继续前行,格央木娃闻到了熟悉的麦草味,她还记得大二的时候,老师带着写生,就是一大片的麦田,那是她头一次见到真实的麦子,非常兴奋,结果差点滚到了路边的水沟里,倒让同寝的家伙们笑了足足一个星期,都说她们是踏青,她差点踏浪了!
那个网上传得稀烂的一个笑话了。
“右转!”格央木娃开口道。
她现在非常自信,赫连煜除了担心楚狸的安危外,对于格央木娃的能力,说实话,有些佩服。
这个女子虽然毛躁些,但说实话,大事不慌张,而且她不断地给人惊喜,比如说她的功夫,比如说她的画技,那是他从来没有见过的逼真,便是自己画得也不如她她。
再比如她现在,这么笃定地记得路。
只是胆子小些,就象现在,她的手一直狠狠地搂着他的腰,他呼吸都有些费力了,但他并没有开口,想必她是才醒过来,身体还虚的原因吧。
事实上正是如此,格央木娃又觉得一阵阵地虚汗。
不得不搂紧赫连煜,她不知道旁边的蓝星那眼神里阵阵地冷意,蓝星已是在忍着怒气了,原来她一直骗自己什么玩,什么游历,却在和赫连煜有了私情!
还说他不懂!
他当然不懂,这不过一两个月的时间,怎么会发生这么多的事情,而且她还卷进了什么阴谋中,若是她命没了,自己也别活了,他怎么跟老将军交待?
瞧她一脸陶醉的样子,真是的!
蓝星握着缰绳的手不由地用了力,一踢马肚子,那马便嘶鸣起来。
格央木娃
突然开口道:“前面应该是一个水磨坊,在这里马车向下,所以,应该找一条斜向上的路……”
她仍是闷着眼睛的,但斜向上的路有两条,方向不同,她无法判定,跳下了马,从两条路上各走了一回,便选定了其中一条,无痕看着她,眼底有怀疑:“你确定?你一直被绑着!”
“我虽然没有猎狗的鼻子,但我的耳边还可以……”格央木娃说完,又要跳上赫连煜的马匹,在上之前突然回过头来对无痕道,“我没有别的意思,只是公事,你不要多心……”
无痕没有多心,但这句话,他根本不明白。
顺着山路走了很远,终于到了一处偏僻没有人烟的地方,在丛从包围中,有两间猎户的小房子,而此刻这本来应该很安静的地方,连搜捕的侍卫都查不到的地方,却热闹异常,炎夜陵他们已经到了,此刻,他屋里屋外地找了好几圈,最后发现,什么线索都没有,这屋子里仿佛千里没有住过人一样,布满了灰尘……

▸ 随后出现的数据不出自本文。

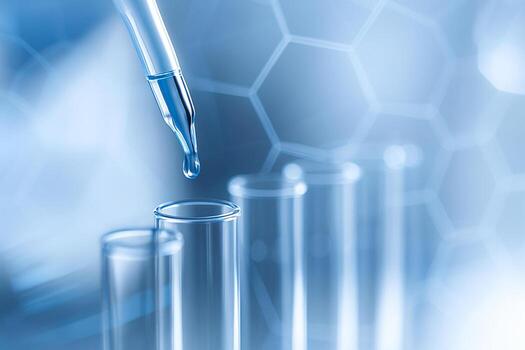 close up of blue liquid droplet from pipette falling into clear test tubes with hexagonal abstract background symbolizing precision technology and scientific innovation photo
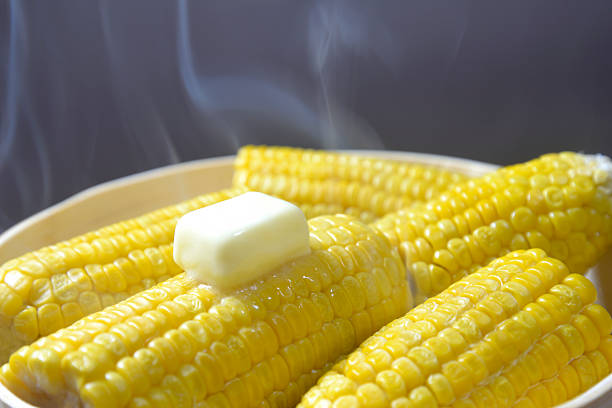 istock Cooking corn butter in a steamer with rising steam 2219089855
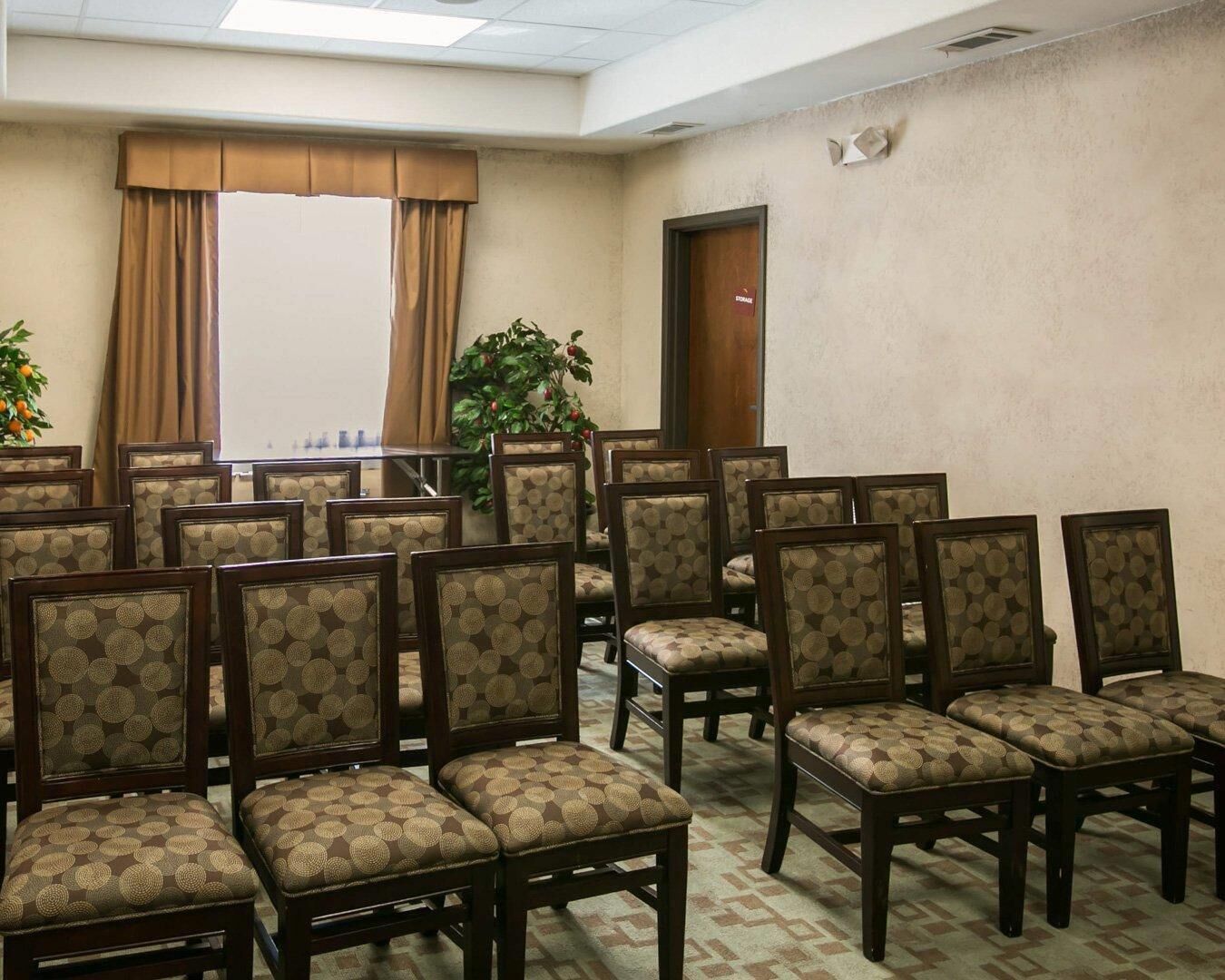 A conference room with rows of chairs, a large window with curtains, and a door labeled 'STORAGE'.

格央木娃跳下了马,惊讶地看着这一切,她冲进了屋子,绑她的那棵柱子还在,她指着那道:“这柱子就是困我的,你们瞧,这上面一定有划痕,我磨破了绳子,而且我还用一根棒子打翻了一个黑衣人……”
格央木娃蹲在那根木头处,自己却呆了,这根木头不是绑她的那个!
看着她惊讶的眼神,赫连煜也是愣了:“你是不是记错了?”
“这房子没有错的,只是看这样子……我难道是在做梦?”格央木娃自己都糊涂了,没有道理自己刚离开,这屋子就跟盘丝洞一样现了原形,她明明的记得这样的格局,“这些摆设还是原来的,这窗户都一样的花棂,我明明记得的,当时还在想,这真古香古色,比其它的建筑还要古呢,我还在想,要不要把它画下来……”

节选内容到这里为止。